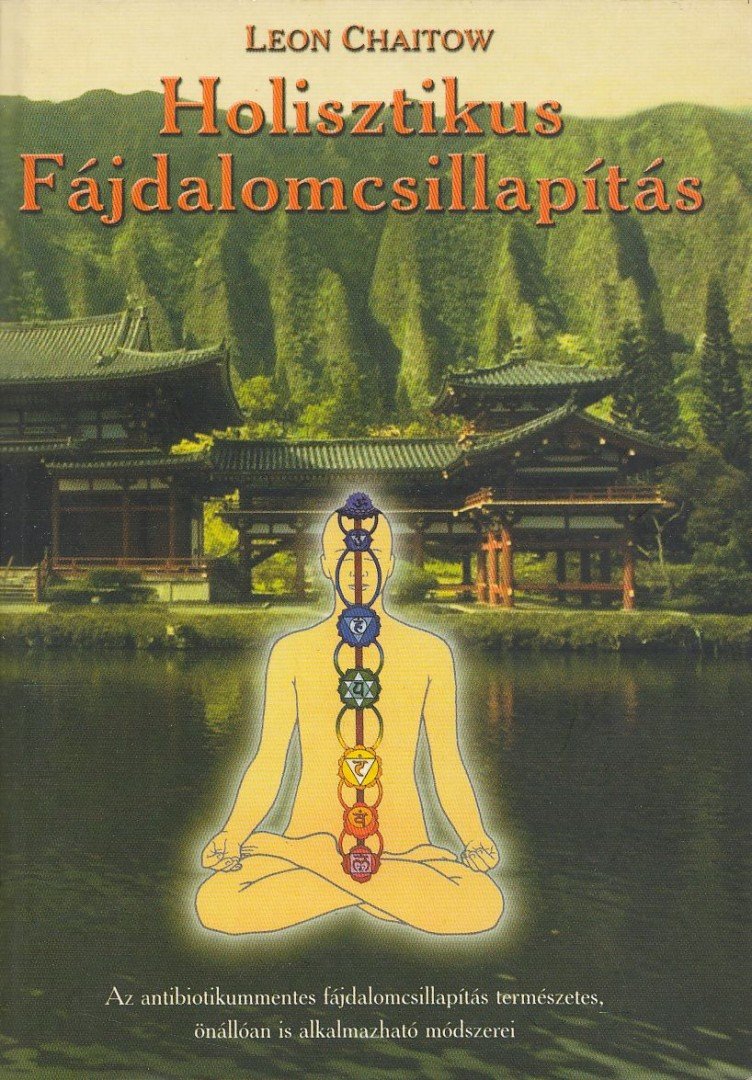 Leon Chaitow - Holisztikus fájdalomcsillapítás [antikvár]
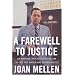 A Farewell to Justice: Jim Garrison, JFK's Assassination, and the Case That Should Have Changed History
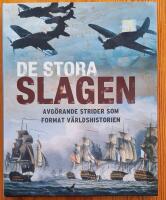 De stora slagen : avg&ouml;rande strider som format v&auml;rldshistorien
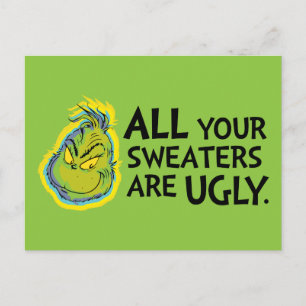 Cartão Postal Grinch Malvado   Todos os Seus Suéteres São Feios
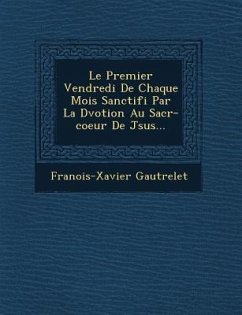 Le Premier Vendredi de Chaque Mois Sanctifi Par La D Votion Au Sacr -Coeur de J Sus... - Gautrelet, Fran Ois-Xavier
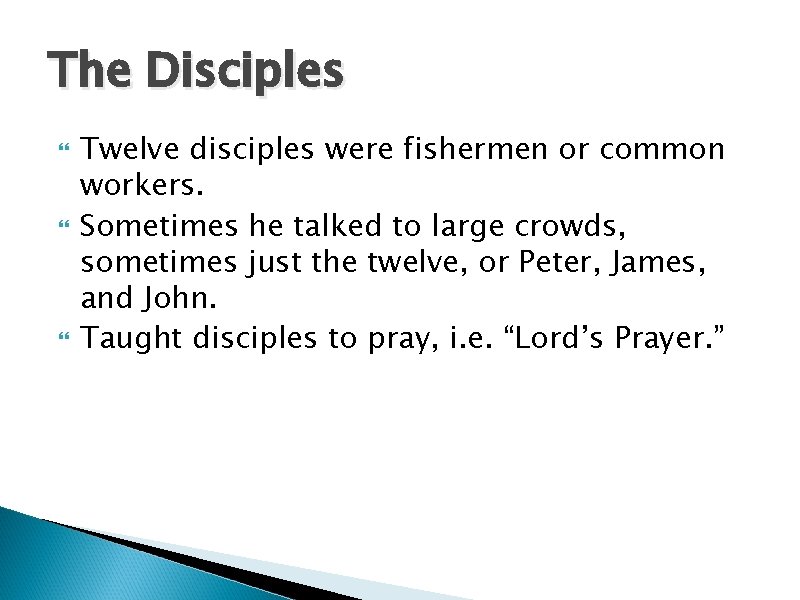 The Disciples Twelve disciples were fishermen or common workers. Sometimes he talked to large The Disciples Twelve disciples were fishermen or common workers. Sometimes he talked to large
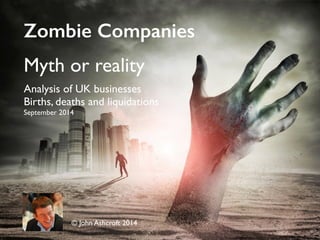 Zombie Companies 
Myth or reality 
Analysis of UK businesses 
Births, deaths and liquidations 
September 2014 
© John Ashcroft 2014 
 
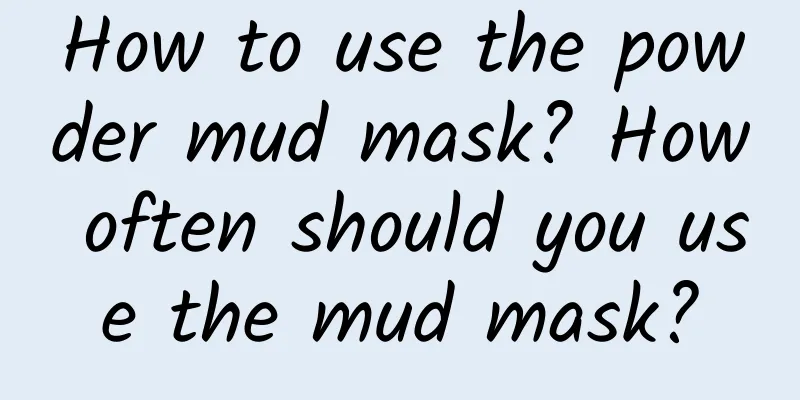 How to use the powder mud mask? How often should you use the mud mask?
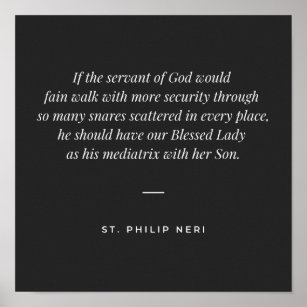 Affiche Citation de St Philip Neri Bienheureuse Vierge Mar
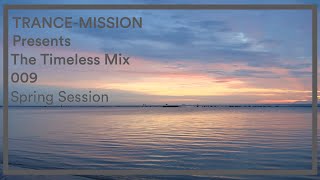 TRANCE-MISSION Presents The Timeless Mix 009 | Spring Edition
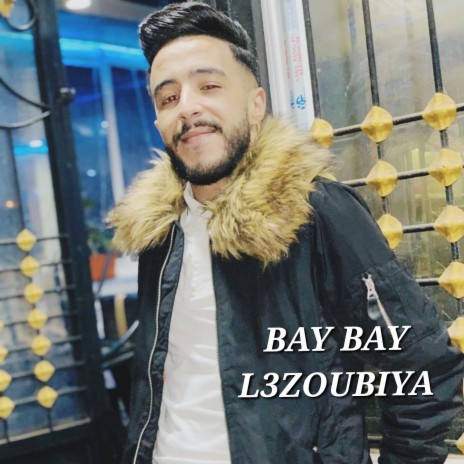 bay bay lozoubiya | Boomplay Music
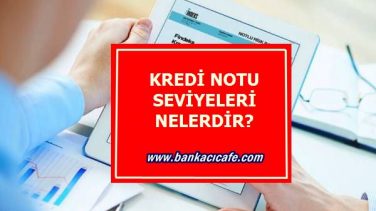 KKB Kredi Notu Seviyeleri Nelerdir?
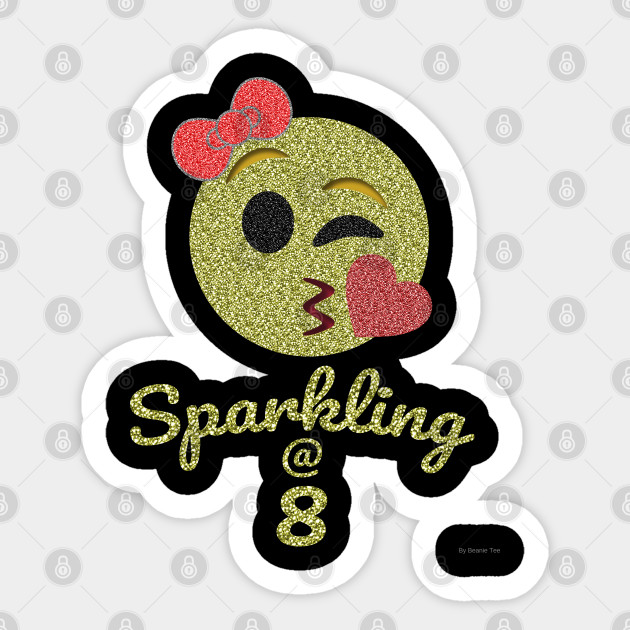 Kiss Wink Heart 8 Year Old Birthday Girl Gift For Girls Gift Idea 8 Year Old 8 Year Old 8 Year Old Sticker Teepublic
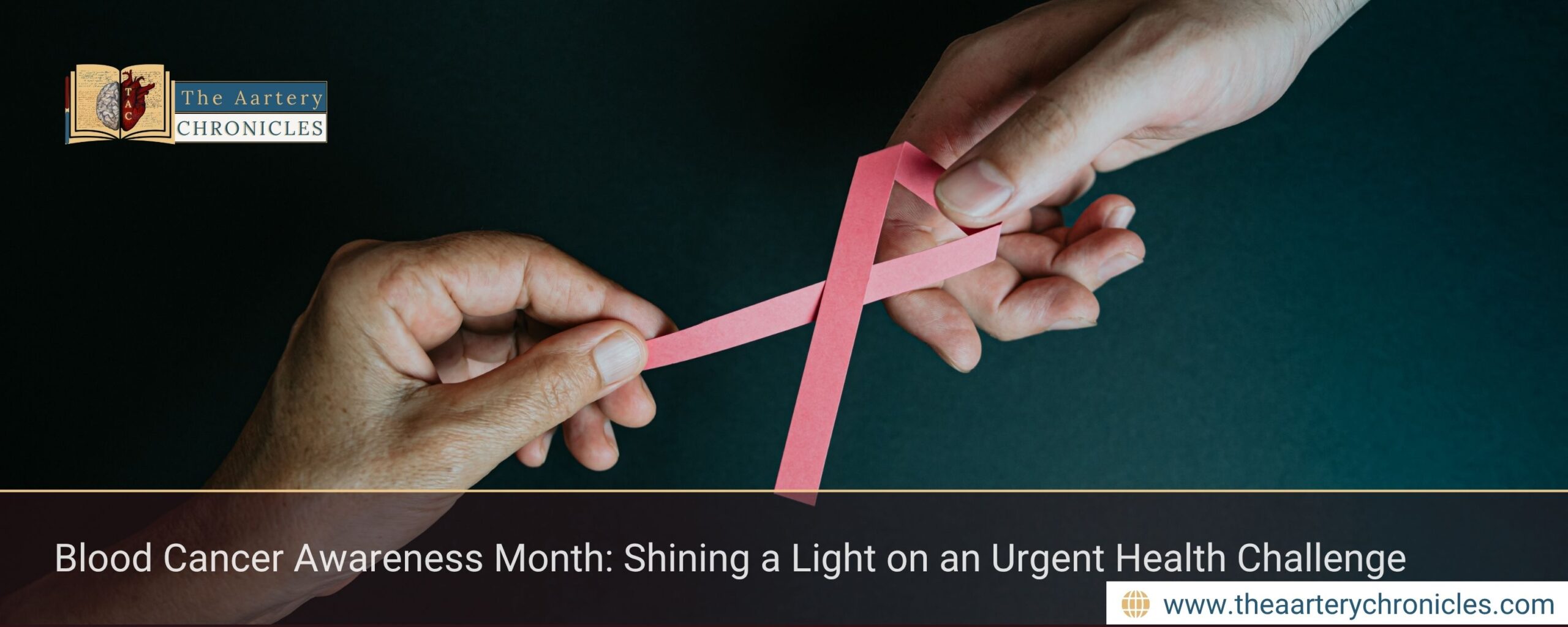 Blood-Cancer-Awareness-Month:-Shining-a-Light-on-an-Urgent-Health-Challenge-The-Aartery-Chronicles-TAC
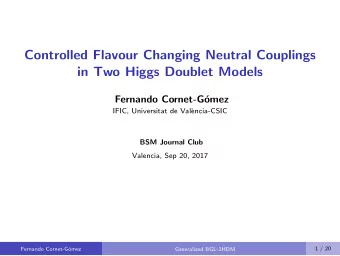 Controlled Flavour Changing Neutral Couplings  in Two Higgs Doublet Models  Fernando Cornet-G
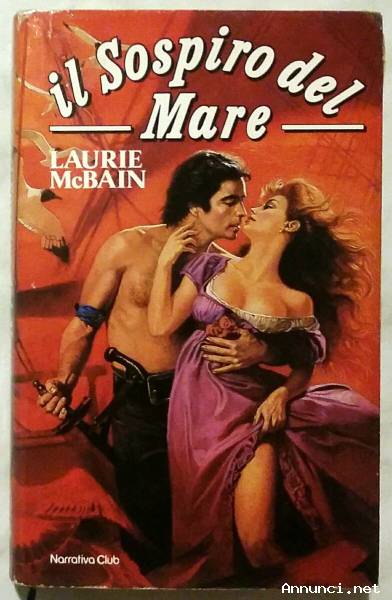 Il sospiro del mare di Laurie McBain; Editore: Euroclub, 1986 ottimo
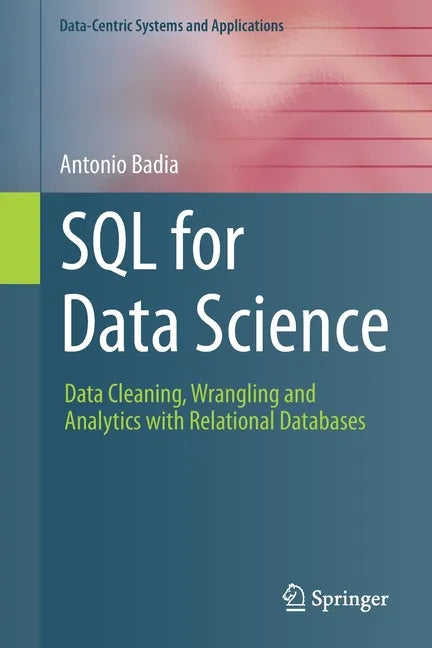SQL for Data Science: Data Cleaning, Wrangling and Analytics with Relational Databases - Paperback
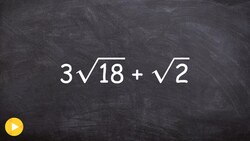 Simplifying radical expressions by adding - Pass math class Instructional Video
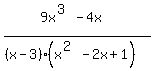 %289x%5E%283%29-4x%29%2F%28%28x-3%29%28x%5E%282%29-2x%2B1%29%29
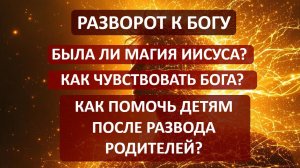 Была ли магия Иисуса? Как помочь детям? Ответы на вопросы при развороте к Богу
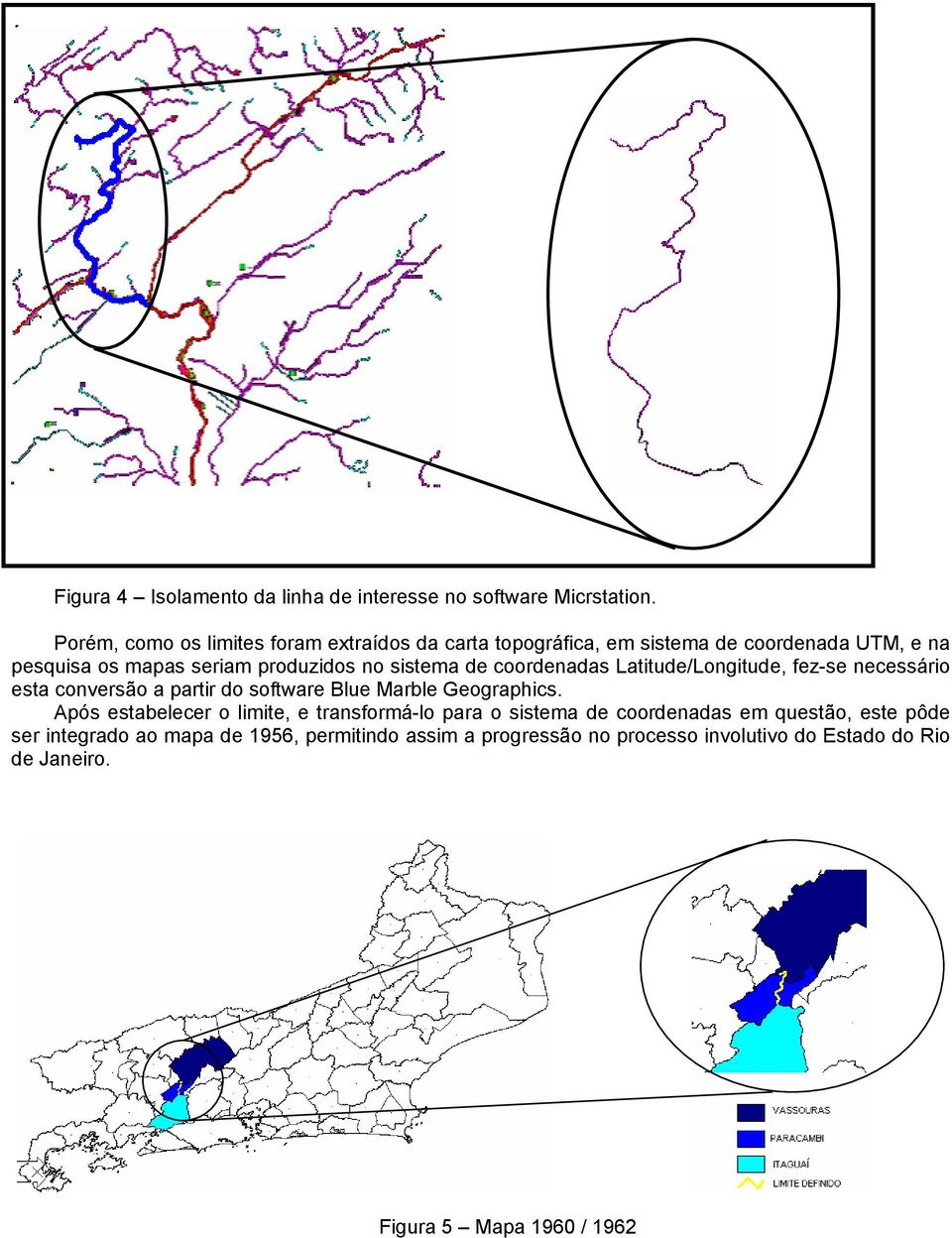 sistema de coordenadas Latitude/Longitude, fez-se necessário esta conversão a partir do software Blue Marble Geographics.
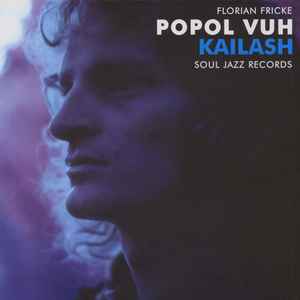 Popol Vuh - Kailash album cover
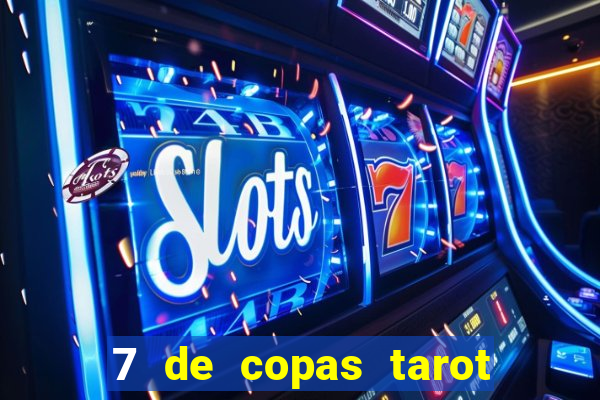 7 de copas tarot significado amor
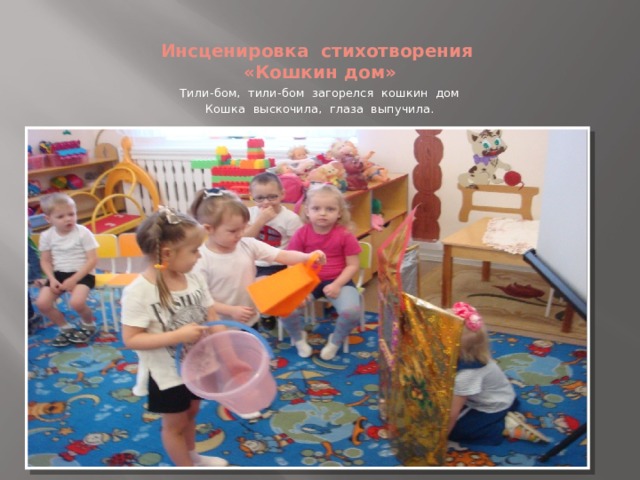 Инсценировка стихотворения «Кошкин дом» Тили-бом, тили-бом загорелся кошкин дом Кошка выскочила, глаза выпучила. 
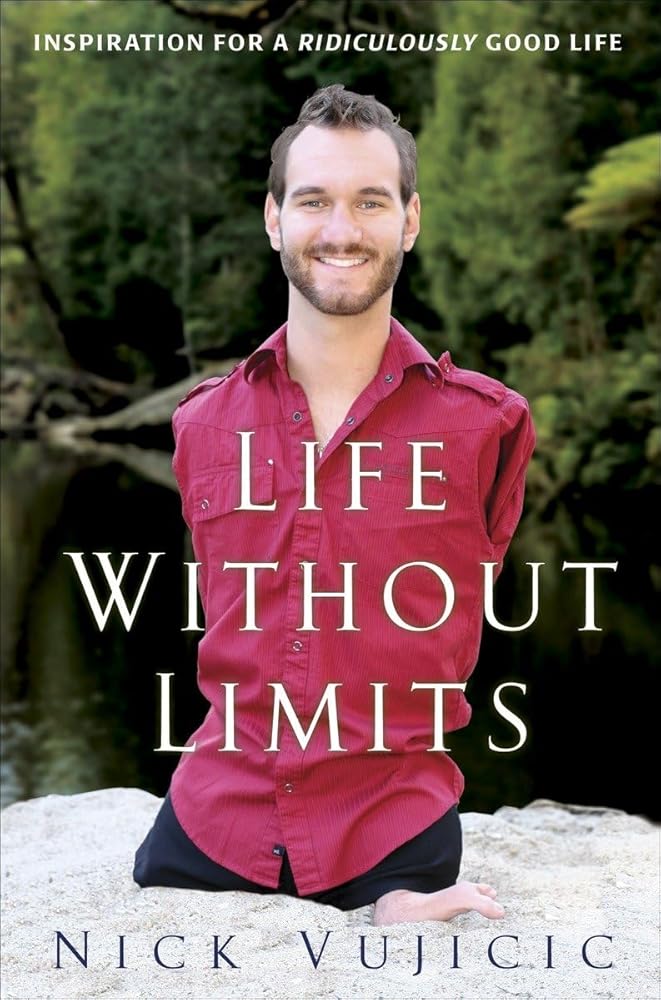 Life Without Limits: Inspiration for a Ridiculously Good Life by Nick Vujicic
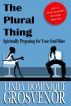 The Plural Thing: Spiritually Preparing for Your Soul Mate by Linda Dominique Grosvenor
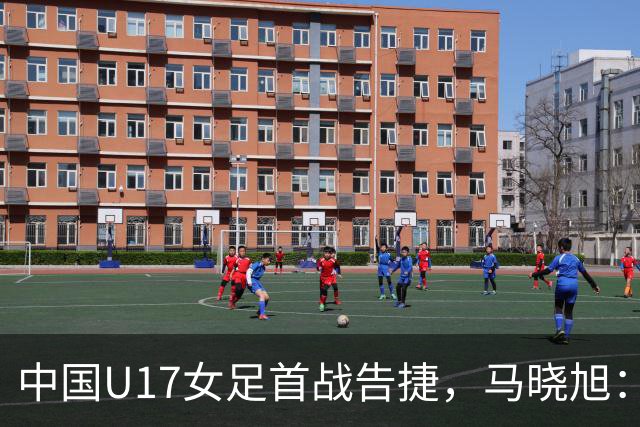 中国U17女足首战告捷，马晓旭：球员仍需提升自信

......

■ **WHAT IS REQUIRED**
Only the lines above starting with the line with "A Farewell to" and going on through the line with "Cartão Postal Grinch" belong in the answer; repeat them exactly, minus any picture.

■ **ANSWER TO THIS EXERCISE**
 A Farewell to Justice: Jim Garrison, JFK's Assassination, and the Case That Should Have Changed History
 De stora slagen : avg&ouml;rande strider som format v&auml;rldshistorien
 Cartão Postal Grinch Malvado   Todos os Seus Suéteres São Feios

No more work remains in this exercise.